# DIRECTIONS FOR THIS TASK:
After finding the line with "Comentarii opinii despre タックルステーキ小野路町店" in the entries below, copy that line and each one after it exactly, through the last line, and omit pictures.

........

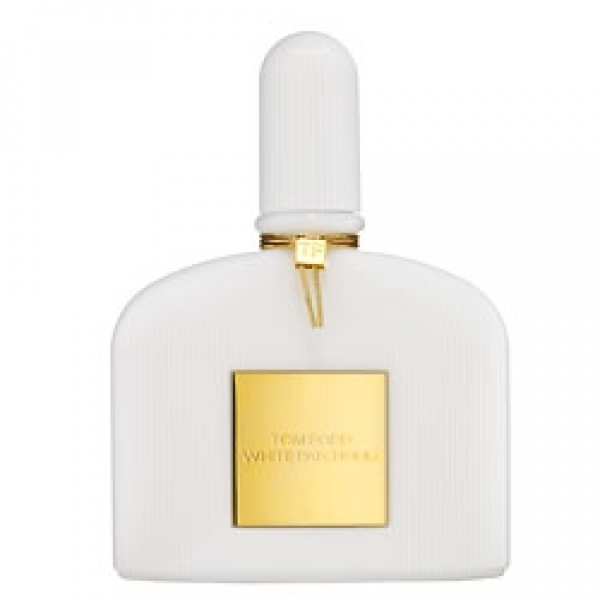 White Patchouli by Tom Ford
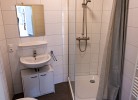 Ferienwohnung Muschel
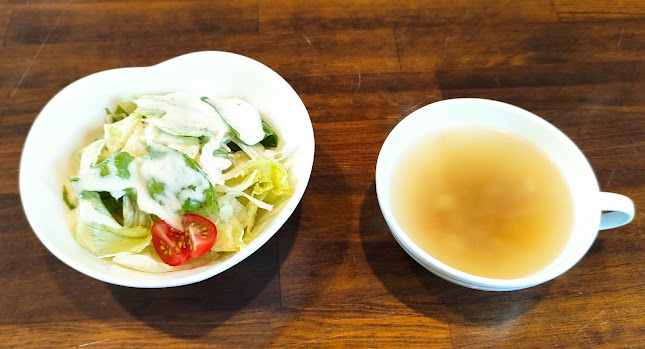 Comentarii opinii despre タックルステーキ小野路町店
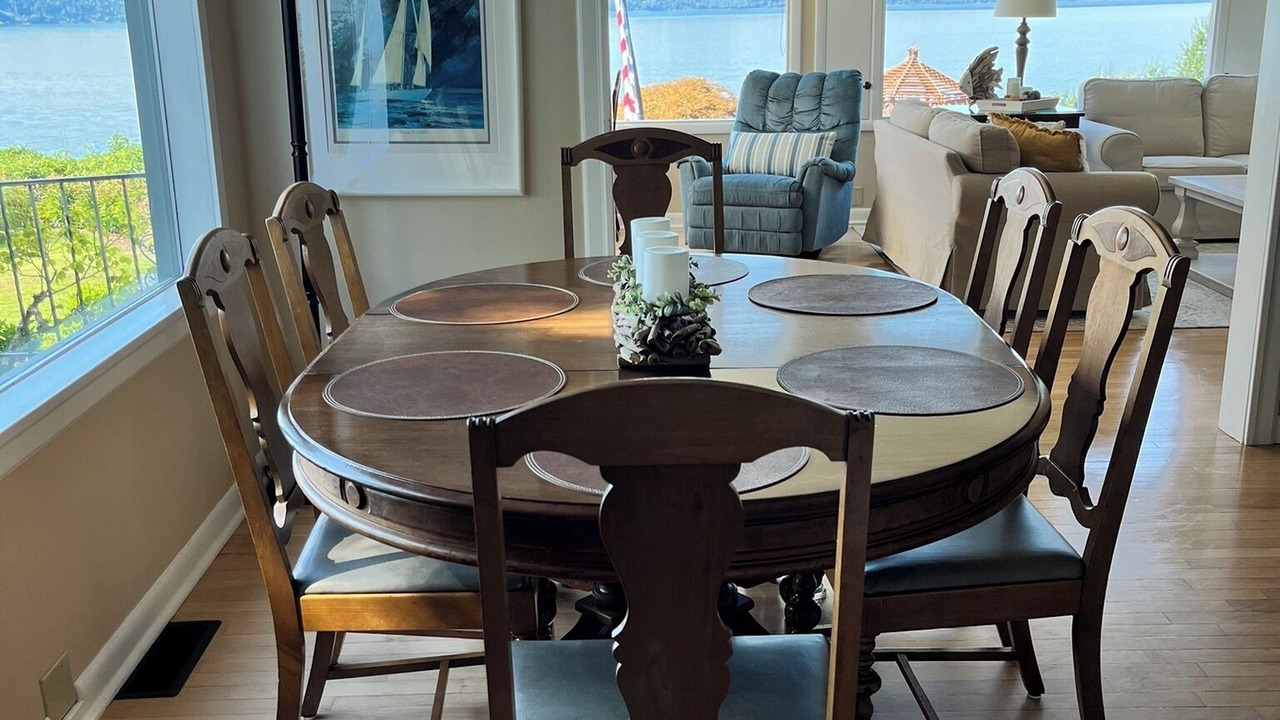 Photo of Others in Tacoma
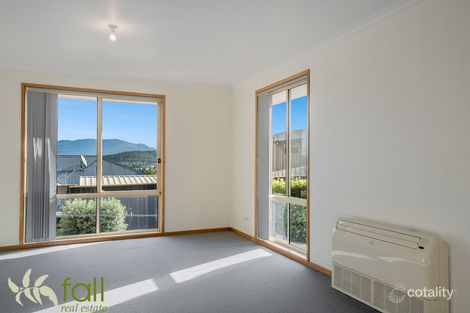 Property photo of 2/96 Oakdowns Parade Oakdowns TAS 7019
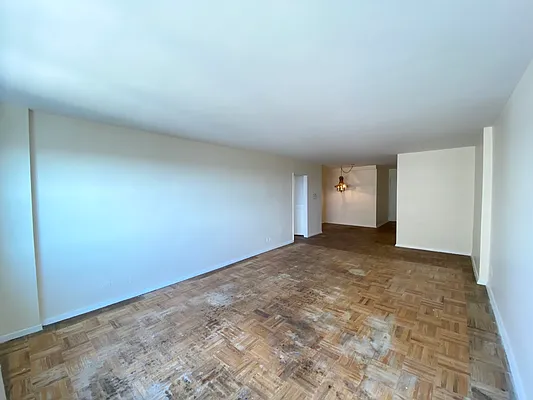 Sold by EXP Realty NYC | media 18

........

# SOLVED PROBLEM:
 Comentarii opinii despre タックルステーキ小野路町店
 Photo of Others in Tacoma
 Property photo of 2/96 Oakdowns Parade Oakdowns TAS 7019
 Sold by EXP Realty NYC | media 18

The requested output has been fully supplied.